In December 2013, Dokolo attended the opening of the VII Biennial of São Tomé and Príncipe, international art exhibition in the country, where the art works of Sindika Dokolo Foundation were presented. In an interview with Portuguese newspaper Jornal de Negócios, he talked about his collection, arguing that "the added value of contemporary African art scene is to give a sensible and intelligent perspective of a continent that is constantly on the move," aspects that will, in his opinion, project the African continent in the future.
In October 2014, Dokolo took part in the 1:54 contemporary African art, held in London with the participation of many well-known personalities, including Lupita Nyong'o. A number of artists and celebrities, such as the model Alek Wek or singer Keziah Jones, publicly expressed their support and appreciation for his work, and the role of Sindika Dokolo Foundation in the development of contemporary African art. On the sidelines of this participation, Sindika Dokolo told New African about his projects for Angola and how "contemporary African art should be accessible to African and impact their lives."

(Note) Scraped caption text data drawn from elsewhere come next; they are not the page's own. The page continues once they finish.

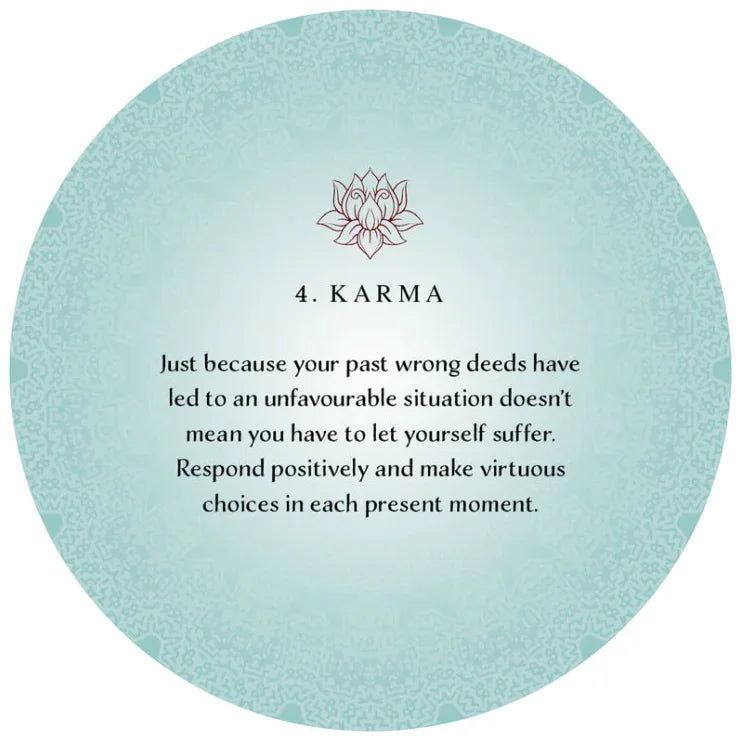 Buddhism Cards: Karma
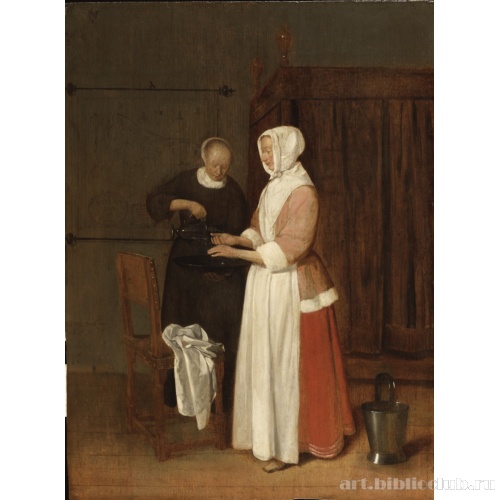 Женщина, моющая руки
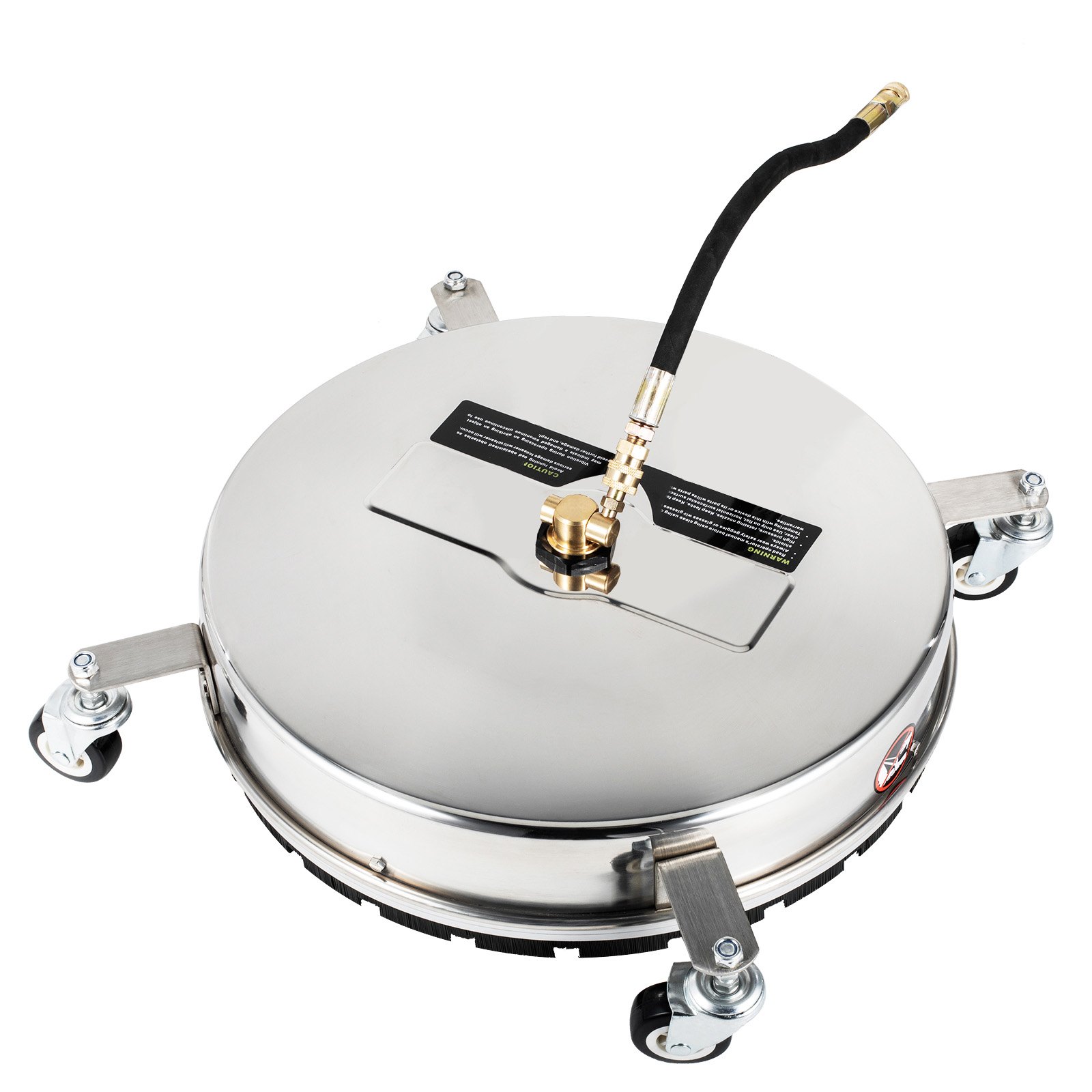 VEVOR Limpiador de Superficies a Presión, 4000 psi 15 x 45 cm Limpiador de Superficie Giratoria, Acero Inoxidable Limpiador de Superficies Planas para Terrazas, Patios, Aceras, Entradas para Vehículos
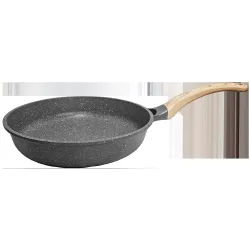 Panna alumīnija Amber 28cm, ar koka imitācijas rokturi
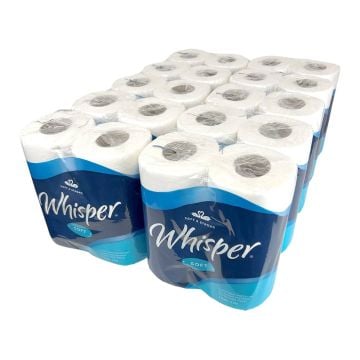 Whisper Super Soft 2 Ply Toilet Tissue x40 Rolls STR007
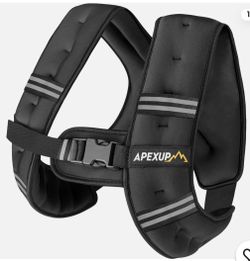 APEXUP 10lbs Weighted Vest Men Women, Weight for Women 10lbs, Black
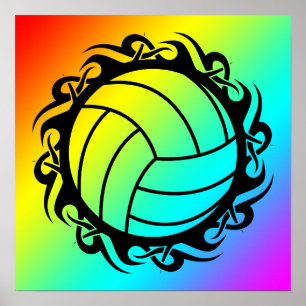 Poster voleibol tribal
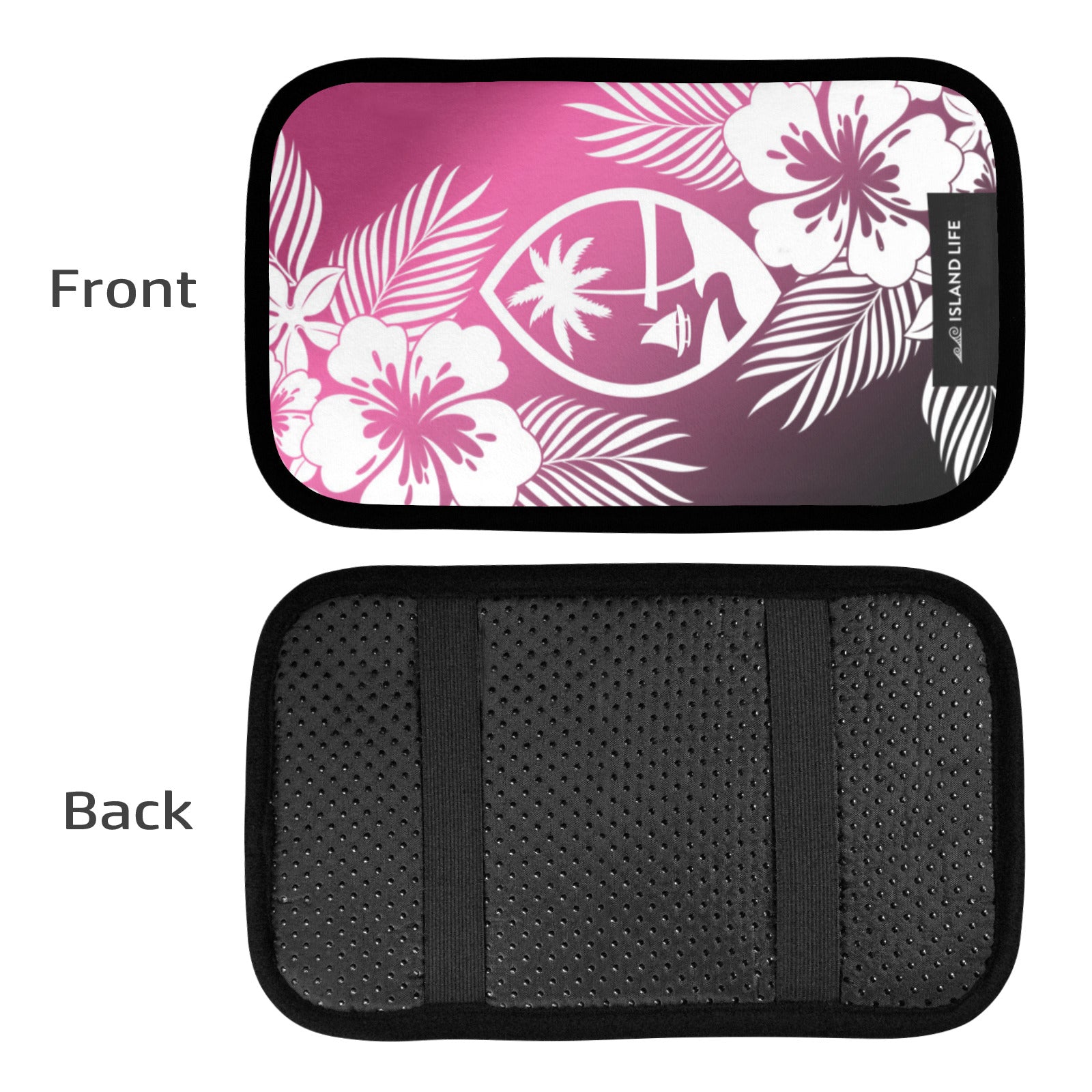 Guam Tropical Hibiscus Pink Car Armrest Cover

In March 2015, the city of Porto awarded him the Medal of Merit with regard to the contemporary art exhibition You Love Me, You Love Me Not. saying it allowed the city of Porto to develop one of the most relevant projects within the contemporary art of today, helping to establish a "natural bridge" between the city and the world. It featured works from the art collector's collection and brings together fifty artists (not all Africans). As of 2015 this was the most important exhibition he had achieved, which was considered the largest existing African art collection.

In 2015, Dokolo launched a worldwide campaign to force Western museums, art dealers and auction houses to return Africa's art. "Works that used to be clearly in African museums must absolutely return to Africa" . He was dedicated to "recovering the stolen pieces during the colonial era", a mission accomplished with the help of an international team.
In January 2016, the Foundation strengthened its ties with Portugal by choosing Porto to house its European headquarters. Located on Casa Manoel de Oliveira building, the new headquarters were to become a place to "promote artistic thinking networks and strengthen ties between Portugal and Angola, as well as Europe and Africa, celebrating art as an unifying element for people and nations," said Dokolo.

=== Political activism ===
On 10 August 2017 Dokolo founded the movement Les Congolais Debout, which opposed DRC President Joseph Kabila's continued stay in power beyond the two terms set down in the 2006 constitution.

== Personal life and death ==

In 2002, Dokolo married Isabel dos Santos, the eldest daughter of José Eduardo dos Santos, then President of Angola. As of 2020, he and his wife were under investigation for obtaining their wealth by corrupt means, allegations which they denied.
On 29 October 2020, aged 48, with assets still frozen in Angola, Portugal and Netherlands, Dokolo died in a diving accident off the coast of Dubai. Although involved in controversy, the authorities concluded that there was no criminal suspicion behind the death after reviewing the forensic report and listening to statements of the deceased’s friends.